Assignment: Look over the material for the string "floor". Copy every line where it turns up.

Working data Start Marker

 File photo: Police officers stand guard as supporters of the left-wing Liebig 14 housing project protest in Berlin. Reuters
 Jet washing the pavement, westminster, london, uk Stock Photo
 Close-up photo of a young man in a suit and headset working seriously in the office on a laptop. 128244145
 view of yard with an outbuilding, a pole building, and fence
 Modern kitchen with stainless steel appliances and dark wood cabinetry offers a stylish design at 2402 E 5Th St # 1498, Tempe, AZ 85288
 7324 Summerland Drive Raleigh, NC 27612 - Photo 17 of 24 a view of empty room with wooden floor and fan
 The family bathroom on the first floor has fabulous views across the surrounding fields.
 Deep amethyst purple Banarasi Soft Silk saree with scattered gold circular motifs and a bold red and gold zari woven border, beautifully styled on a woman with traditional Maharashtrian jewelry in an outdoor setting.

Working data End Marker
Working data Start Marker

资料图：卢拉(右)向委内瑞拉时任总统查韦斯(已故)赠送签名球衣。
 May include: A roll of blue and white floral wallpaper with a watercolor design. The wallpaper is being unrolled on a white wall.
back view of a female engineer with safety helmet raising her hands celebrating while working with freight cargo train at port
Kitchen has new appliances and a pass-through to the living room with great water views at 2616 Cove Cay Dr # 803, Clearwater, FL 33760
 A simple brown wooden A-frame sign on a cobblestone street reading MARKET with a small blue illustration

Working data End Marker
Working data Start Marker

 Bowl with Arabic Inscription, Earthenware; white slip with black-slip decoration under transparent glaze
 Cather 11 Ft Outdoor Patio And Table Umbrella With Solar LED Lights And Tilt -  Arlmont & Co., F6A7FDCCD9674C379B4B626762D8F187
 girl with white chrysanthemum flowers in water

Working data End Marker

Problem solution:
 7324 Summerland Drive Raleigh, NC 27612 - Photo 17 of 24 a view of empty room with wooden floor and fan
 The family bathroom on the first floor has fabulous views across the surrounding fields.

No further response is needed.